On Fri, 04 Mar 2005 12:14:28 -0500, Brian van den Broek <[EMAIL PROTECTED]> wrote:
Kevin said unto the world upon 2005-03-04 10:43:
Hello all. I have just completed my very first python program just a simple number guessing. I would like for someone to try it out if they could and let me know how I did with it and where I could have improved apon it. There are t files main.py and defs.py
Thanks
Hi Kevin,
Though I am a learner, too, I have a few comments. They are more about style than substance.
1) A lot of your code comments get in the way of my reading and easily understanding the code. Consider:
.# leading `.'s to foil google groups and other whitespace stripping readers
<SNIP>
<snip>
Is the tutor list mirrored on usenet such as google groups? I've searched and not found it. I think it's a bit harsh to blame the style on a client that strips white-space, where he has no control over it. Are we not better off using another client?
Hi Adam,
I don't know if tutor is viewable through google groups or not. However, it has proved a problem on comp.lang.python, where I picked up the leading '.' trick. Noting that Kevin (the OP) was using a gmail account and not knowing if the google groups' leading whitespace stripping `feature' was also a gmail feature, I figured it would be better to be safe and put the possibly needless '.'s in.
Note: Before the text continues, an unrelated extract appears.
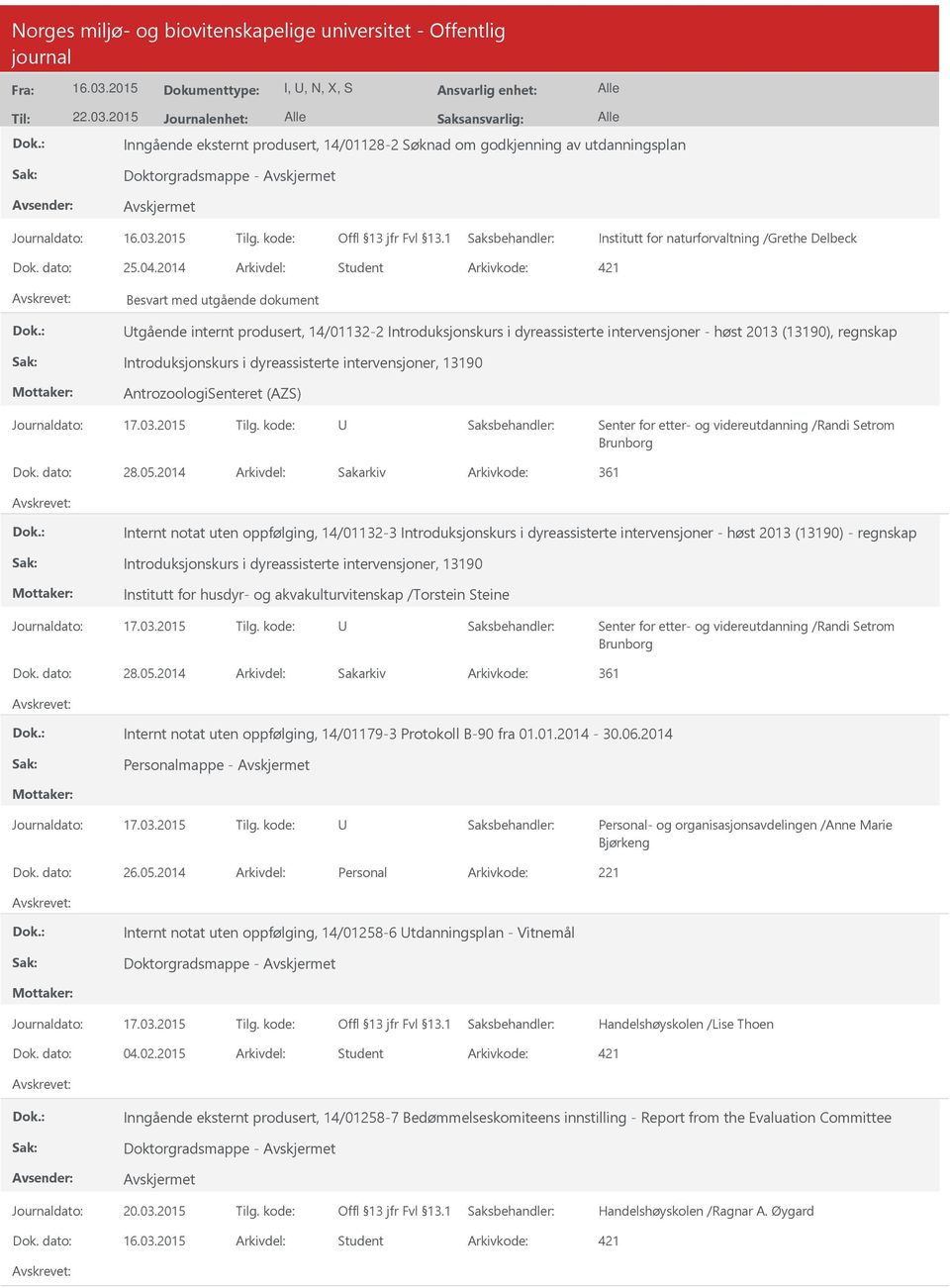 dyreassisterte intervensjoner, 13190 AntrozoologiSenteret (AZS) Senter for etter- og videreutdanning /Randi Setrom Brunborg Dok. dato: 28.05.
It would indeed have been harsh to complain about his whitespace if it were google-striped whitespace at issue. But, when I commented upon the lack of whitespace in his code, I said
B> Whitespace is a good thing. Python needs it horizontally, but B> you can (and, IMHO, should) employ vertical whitespace to chunk B> up the code.
So, it is a different issue.
I use gmail to collect this kind of email and using the recent thread
entitle "Reading Tutor with gmail: monospace fonts" have managed to
make my mail monospace, which makes it a lot easier to read. None of
the whitespace was stripped in my mail, and the style looked fine.
That is good to know; I won't worry next time.
In fact, by littering it with '.' you are making it more of a task to run this script, as you have to strip all the '.' out first - a real pain.
A bummer, yes. And one to blame on google groups -- it is much less of a pain than loosing all leading whitespace. But, not too much a pain, either (we are programming here, right ;-) :
<untested code> # assuming the code has been saved to a .py file whose lines # are available for iteration in python_file
stripped_lines = []
for line in python_file: if line.startswith('.'): line = line[1:] stripped_lines.append(line)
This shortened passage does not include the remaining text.